Equivalent Monthly Growth (%) = [ (1 + CAGR) ^ (1 / 12) - 1 ] × 100
Projected Future Value = Ending Value × (1 + CAGR) ^ Extra Years
Doubling Time = ln(2) / ln(1 + CAGR)
How to Use This Calculator
- Enter a scenario label if you want a named report.
- Add the beginning value and ending value.
- Select either total years or date based timing.
- Enter years directly, or choose start and end dates.
- Set decimal places for the output style you want.
- Optional: add extra projection years for a future estimate.
- Press Calculate CAGR to view the result above the form.
- Use the export buttons to save CSV or PDF output.
Understanding CAGR in Finance
Compound annual growth rate, or CAGR, shows the average yearly growth of an investment over a period. It smooths uneven returns into one annual rate. This makes trend comparison easier. Investors use it for funds, stocks, revenue, and portfolio reviews. Business teams also use it for sales and profit tracking.
Why CAGR Matters
CAGR helps remove noise from volatile year to year changes. A portfolio may rise sharply one year and fall the next. CAGR converts that path into one steady annual percentage. That single figure is useful when comparing options with different time spans. It is also helpful when reviewing goals, forecasts, and long term plans.

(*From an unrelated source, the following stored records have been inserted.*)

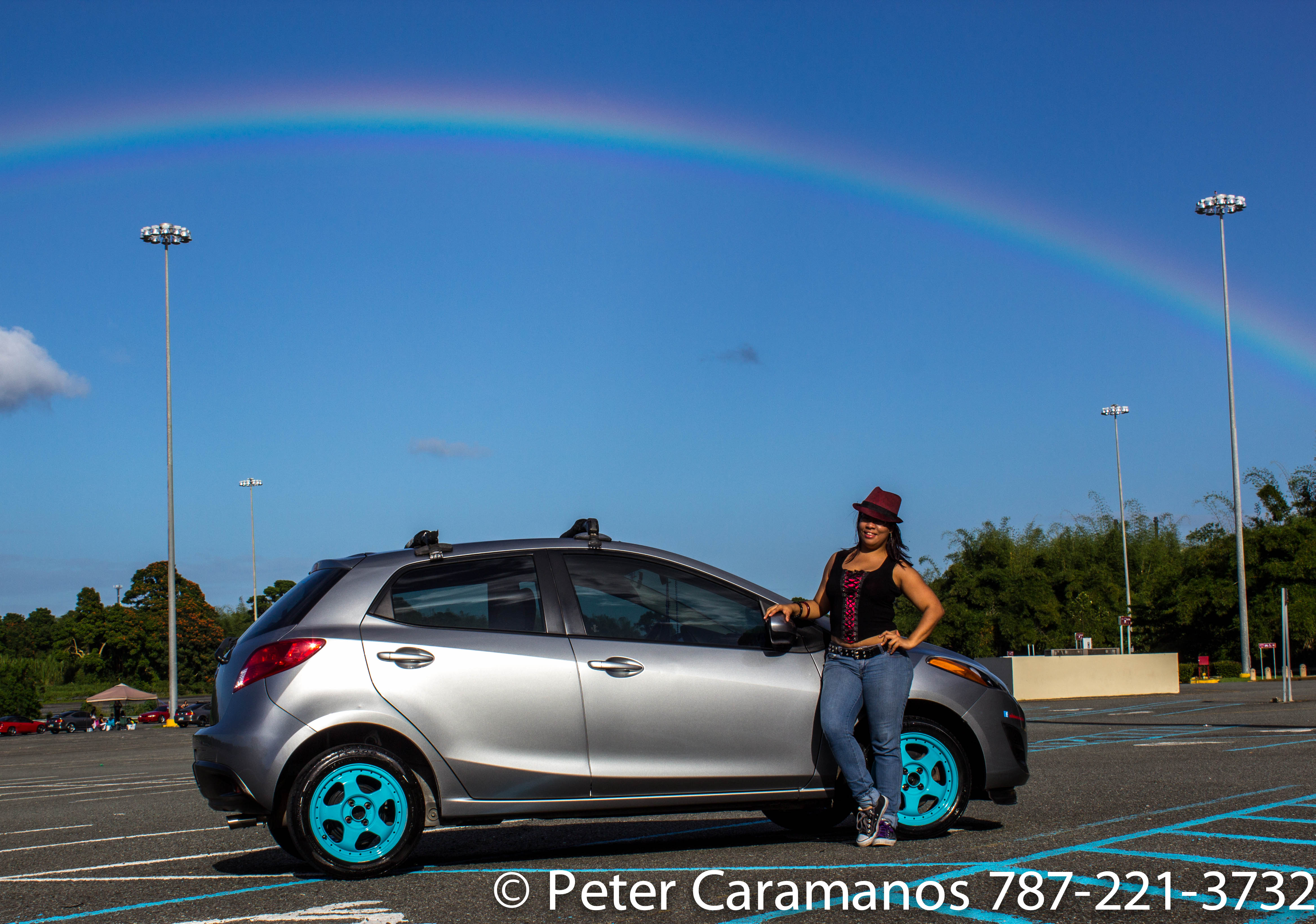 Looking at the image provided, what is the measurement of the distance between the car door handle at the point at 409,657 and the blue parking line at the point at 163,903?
3.42 ft

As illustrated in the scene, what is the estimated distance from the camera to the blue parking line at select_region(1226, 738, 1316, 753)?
1237 centimetres

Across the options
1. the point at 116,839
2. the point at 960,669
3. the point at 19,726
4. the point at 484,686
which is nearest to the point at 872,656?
the point at 960,669

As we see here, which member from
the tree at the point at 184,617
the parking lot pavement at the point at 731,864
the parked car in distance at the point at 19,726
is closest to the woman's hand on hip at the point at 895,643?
the parking lot pavement at the point at 731,864

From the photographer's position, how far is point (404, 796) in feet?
17.9

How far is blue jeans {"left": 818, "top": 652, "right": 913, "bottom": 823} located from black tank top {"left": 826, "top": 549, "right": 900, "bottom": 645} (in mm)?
131

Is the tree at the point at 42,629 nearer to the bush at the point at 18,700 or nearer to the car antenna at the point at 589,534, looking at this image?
the bush at the point at 18,700

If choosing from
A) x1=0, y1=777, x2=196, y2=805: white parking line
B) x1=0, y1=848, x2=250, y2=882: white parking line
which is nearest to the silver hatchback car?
x1=0, y1=848, x2=250, y2=882: white parking line

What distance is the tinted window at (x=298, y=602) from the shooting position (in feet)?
18.7

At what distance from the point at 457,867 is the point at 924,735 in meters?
2.46

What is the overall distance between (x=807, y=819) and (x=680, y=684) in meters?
1.50

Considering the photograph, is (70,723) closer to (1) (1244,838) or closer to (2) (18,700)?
(2) (18,700)

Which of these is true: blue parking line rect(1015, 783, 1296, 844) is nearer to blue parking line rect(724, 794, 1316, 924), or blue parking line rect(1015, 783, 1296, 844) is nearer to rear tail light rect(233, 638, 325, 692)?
blue parking line rect(724, 794, 1316, 924)

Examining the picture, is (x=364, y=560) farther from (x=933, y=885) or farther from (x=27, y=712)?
(x=27, y=712)

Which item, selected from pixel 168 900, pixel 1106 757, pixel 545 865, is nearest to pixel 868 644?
pixel 545 865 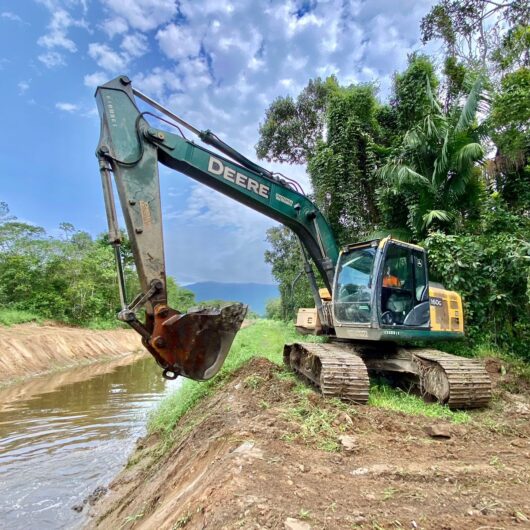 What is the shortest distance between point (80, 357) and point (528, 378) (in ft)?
53.4

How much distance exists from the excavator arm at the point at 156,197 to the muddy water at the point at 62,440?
2.27 m

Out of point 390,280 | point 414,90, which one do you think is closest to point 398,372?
point 390,280

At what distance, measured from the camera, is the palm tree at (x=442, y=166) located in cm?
1005

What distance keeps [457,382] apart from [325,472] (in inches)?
99.4

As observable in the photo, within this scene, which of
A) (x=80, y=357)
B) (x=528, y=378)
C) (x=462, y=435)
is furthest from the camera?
(x=80, y=357)

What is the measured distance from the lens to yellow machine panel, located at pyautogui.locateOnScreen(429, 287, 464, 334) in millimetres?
5715

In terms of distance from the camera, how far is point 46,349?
1531cm

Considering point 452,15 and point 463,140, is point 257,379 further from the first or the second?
point 452,15

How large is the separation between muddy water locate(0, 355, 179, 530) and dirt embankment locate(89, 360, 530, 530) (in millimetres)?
625

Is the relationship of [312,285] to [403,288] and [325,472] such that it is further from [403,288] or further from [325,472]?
[325,472]

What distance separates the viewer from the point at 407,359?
18.2 feet

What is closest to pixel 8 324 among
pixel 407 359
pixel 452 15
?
pixel 407 359

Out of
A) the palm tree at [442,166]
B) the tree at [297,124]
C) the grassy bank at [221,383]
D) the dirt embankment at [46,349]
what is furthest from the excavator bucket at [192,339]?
the tree at [297,124]

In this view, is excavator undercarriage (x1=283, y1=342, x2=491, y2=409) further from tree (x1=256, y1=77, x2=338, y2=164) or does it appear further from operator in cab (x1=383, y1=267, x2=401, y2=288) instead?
tree (x1=256, y1=77, x2=338, y2=164)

What This Calculator Shows
This calculator does more than return one percentage. It calculates CAGR, total growth, value change, growth multiple, and equivalent monthly growth. It can also estimate doubling time and project a future value using the calculated annual rate. These added outputs support better planning. They also make reports easier to explain.
When to Use It
Use this calculator when you know a beginning value, an ending value, and a time period. It works well for investments, company revenue, customer growth, market size, and account balances. It is best for long term performance checks. It is not ideal for tracking cash flows added during the period.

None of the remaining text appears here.